Fort des échos positifs rencontrés auprès de la population lors de ses différents échanges, l’équipe de « Bollène, à gauche » avait pris soin de demander l’interdiction de circulation devant son local de campagne, ce mardi soir, à l’occasion de l’inauguration de ce lieu qui, depuis déjà plusieurs semaines, accueille débats et réflexions sur le programme municipal en cours d’élaboration. La salle s’est en effet avérée trop petite pour contenir la foule de sympathisants.
C’est un Bollénois de fraîche date et encore plus récemment père de famille, Théo Falques, qui prenait la parole en premier afin d’expliquer son engagement sur la liste. Pour ce professeur, membre de la France insoumise, Bollène est une ville très bien située et dotée d’un fort potentiel, mais plombée par une urbanisation trop éparpillée où la place de la voiture est trop importante. Il souhaite développer en priorité les déplacements doux. Autre colistière jeune maman et bollénoise de toujours, Reine Bougrine, appuie sur la jeunesse, se rappelant avoir bénéficié de centres de vacances aujourd’hui fermés. Enfin, Patricia Ramière Baumann, membre de l’Anacr et jeune retraitée, plaide pour apaiser les relations entre les élus, la direction et le personnel communal, afin de redonner tout son sens à ce service public.

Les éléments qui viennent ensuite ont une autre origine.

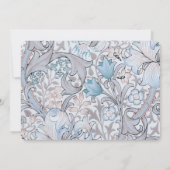 リハーサルディナーゴールデンリリーエレガントモリス 招待状 (裏面)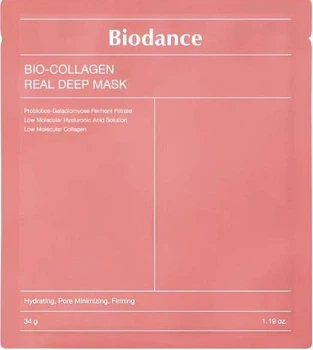 Маска для обличчя Biodance Bio Collagen Real Deep Mask, 34g, 1 шт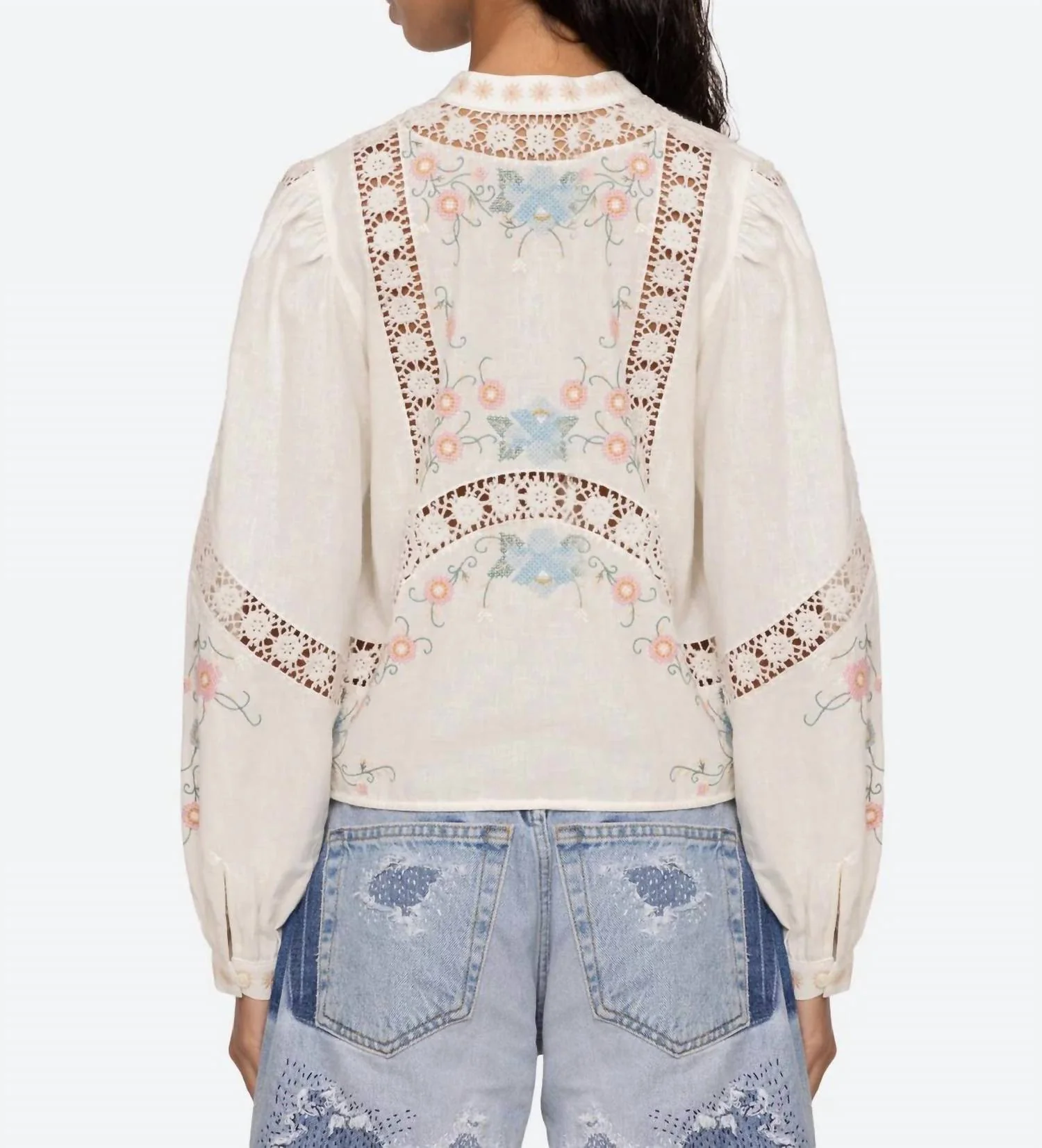 Women's Vesna Blouse In White - Image 2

Déjà candidat en 2020 (10,5%), Daniel Barrière (PCF) s’est placé comme le candidat de la gauche, alors que le maire-candidat sortant Anthony Zilio (SE) en était issu en 2020 et mène une majorité très diverse. Plus de justice sociale, de paix, d’écologie, de culture, et d’actions envers la jeunesse ont été les orientations énoncées par Daniel Barrière.